The evening moved on at it was time for the fireworks finale. We hopped aboard the water taxi across to the Yacht Club and watched as Guernsey proved that it knows how to put on an amazing fireworks display. I guess austerity got stopped at the border checks.

Saturday dawned, and having shaken off the Pimms, I was invited aboard a RIB for the short journey across to Herm – the holiday island paradise island just east of Guernsey.

RIB trip to Herm
RIB trip to Herm

Herm is the smallest of the Channel Islands that’s open to the public and is famous for the fact that cars are banned (as on Sark). Bicycles are also banned on Herm, although tractors and quad bikes do scoot around for the resident farmers/tourism. Herm is only 1.5 miles long and less than half a mile wide so after a quick stroll around to the other side of the island, we took up residence on Belvoir beach and promptly cooked in the glorious sunshine.

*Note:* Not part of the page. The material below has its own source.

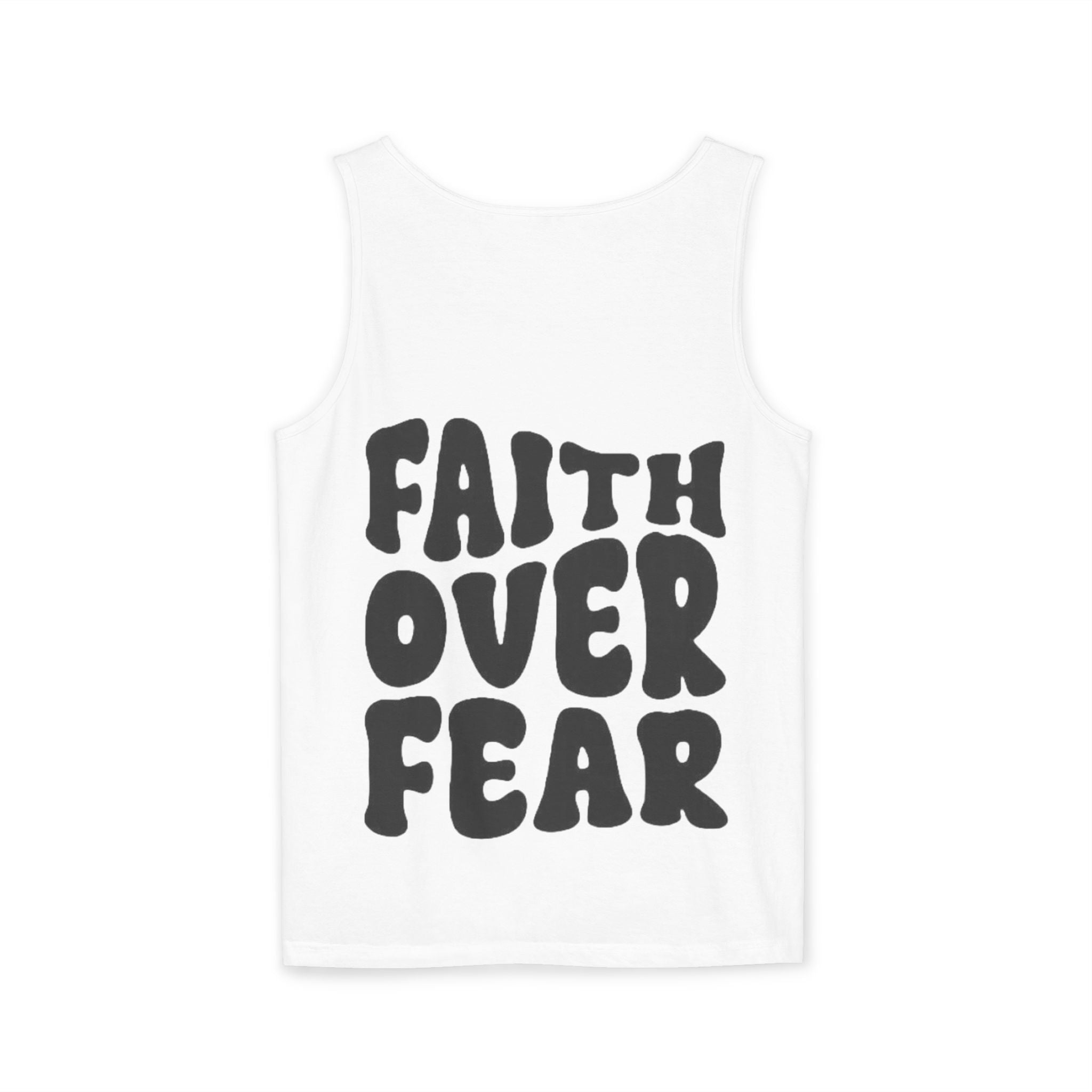 Faith Over Fear Unisex Tank Top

Sometimes it’s difficult to explain in words just how beautiful a place is. I can only recommend that you go there and see for yourself. The light is different, the reflection of the sun all around you, the colours of the beaches almost glow. The only sounds are of children splashing, families enjoying themselves and the clink of the petanque competition taking place further up the beach.

It was also here that I decided to settle the age old question of iPad vs Kindle for reading. I can confirm that not only is it impossible to read through the reflective iPad screen – but the metal body also gets bloody hot!

Back to Guernsey, and on the Sunday we took a car tour around Guernsey – stopping off at all the various viewpoints, historical monuments, and the wonderfully amicable kiosks serving teas, coffee, snacks, and importantly – cheesy chips.

Time was short, too short, really to explore all that Guernsey has to offer. So with little more than a half hour to clear check-in, customs, and baggage control (roughly a 20 yard stretch of the airport), I departed back for Blighty and left behind what must be one of the most amazing secrets of the British Isles. You don’t even need a passport to visit (as a British citizen) – your driving license will do.

Flights are cheap, it doesn’t take long, and they have one of the best traffic management systems I’ve seen at junctions. I’d tell you… but you know the rules.